ルートリソース / に GET メソッドを作成
API Gateway 上では、追加のリソースは作成せずデフォルトのルートリソース / のみに GET メソッドを作成します。

  • リソースパス:/
  • HTTP メソッド:GET
  • 認可:NONE
  • API キー:不要
  • 統合タイプ:Lambda(または Mock)

4. Lambda を統合

事前に作成しておいた Lambda 関数をルートリソース / の GET メソッドに統合します。
なお、今回の検証では通信経路の確認が目的であるため、Lambda の代わりに Mock 統合を設定しても問題ありません。

def lambda_handler(event, context):
    return {
        "statusCode": 200,
        "body": "Hello from Lambda!"
    }

作成した API をステージ test にデプロイします。

  • ステージ名:test

5. ターゲットグループの作成

  • ターゲットタイプ:IP
  • プロトコル:HTTPS
  • ポート:443
  • ヘルスチェックの詳細設定
    • 成功コード:200,403
  • ターゲットを登録:
    • ネットワーク:使用する VPC
    • IPを指定してポートを定義する:VPC Endpoint の ENI(各 AZ の IP)

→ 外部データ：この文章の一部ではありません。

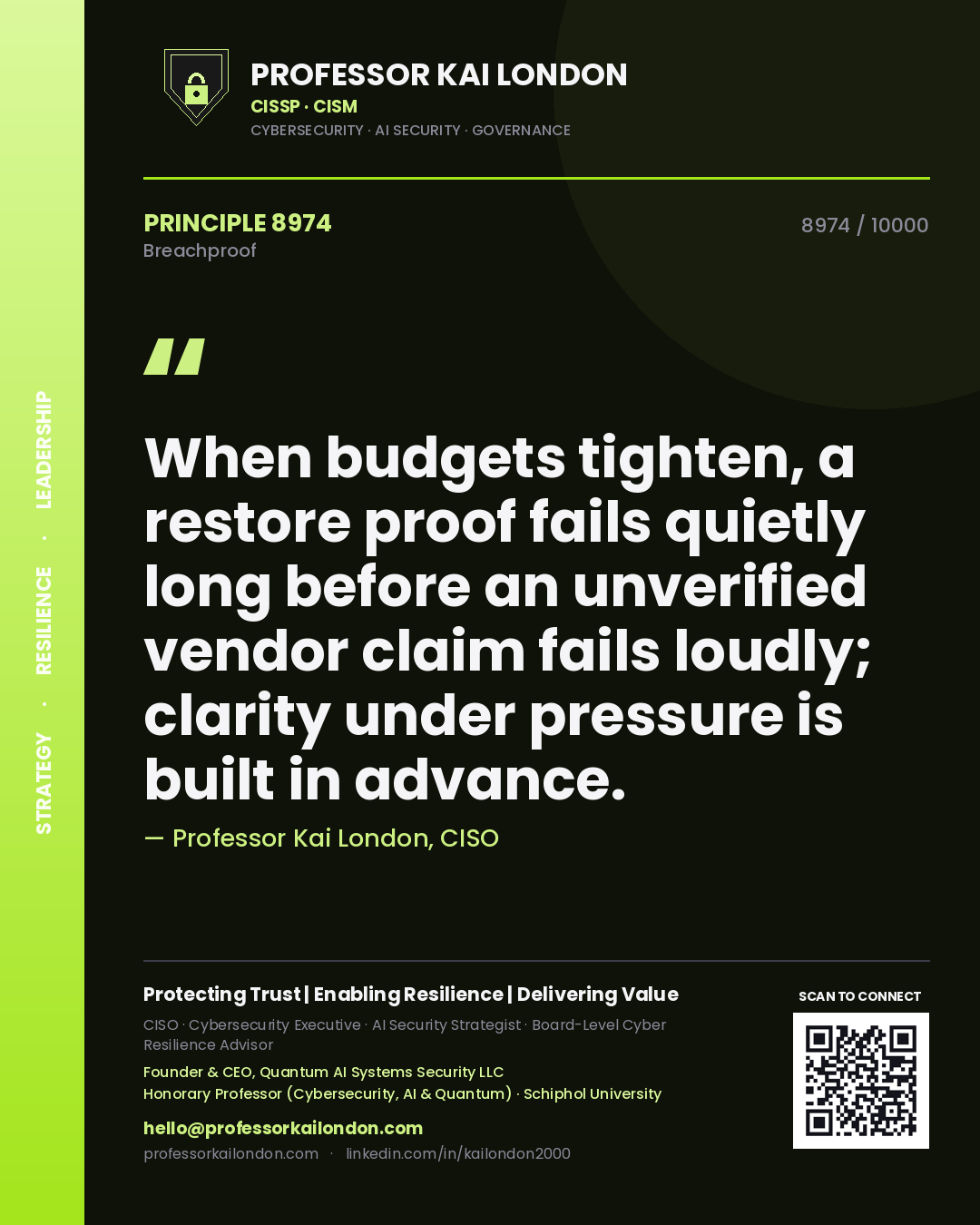 Quote card by Professor Kai London reading 'When budgets tighten, a restore proof fails quietly long before an unverified vendor claim fails loudly; clarity under pressure is built in advance.'. From the book Breachproof.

本構成では、API Gateway への到達可否のみを確認することを目的としているため、ヘルスチェックでは API Gateway に到達した際に返却される 403(認可エラー)も正常とみなす設定としています。
なお、動作確認時には実際に 200 レスポンスが返却されることを確認しています。

tg05.png

6. ALB を作成

  • 種別:Application Load Balancer
  • スキーム:Internet-facing
  • サブネット:Public Subnet(2AZ)
  • セキュリティグループ:ALB 用 SG
  • リスナー:HTTP (80)
  • ターゲットグループ:作成したターゲットグループを選択

7. ALB のルールを設定

ALB から API Gateway に正しくリクエストが届くよう、リスナールールで Host ヘッダーを書き換えます。

  • 条件:パス = /*
  • トランスフォーム:
    • 一致:.*
    • 置換:{API_ID}.execute-api.ap-northeast-1.amazonaws.com
  • アクション:ターゲットグループへ転送

Host ヘッダーを API Gateway のエンドポイントに書き換えています。

8. 動作確認

動作確認.png

ALB の DNS 名に対して /test/ を指定してアクセスしたところ、API Gateway を経由して Lambda のレスポンスが返ることを確認しました。

おわりに

今回は「ALB の背後に API Gateway を配置する構成」を作成してみました。

構成を作成する過程で、ALB 側での Host ヘッダーの書き換え設定に苦戦しました。同様の構成を試される際はご注意ください。

また、今回の検証は挙動確認を目的としたものであり、本番利用については考慮していないことをご理解ください。

本記事が参考になれば幸いです。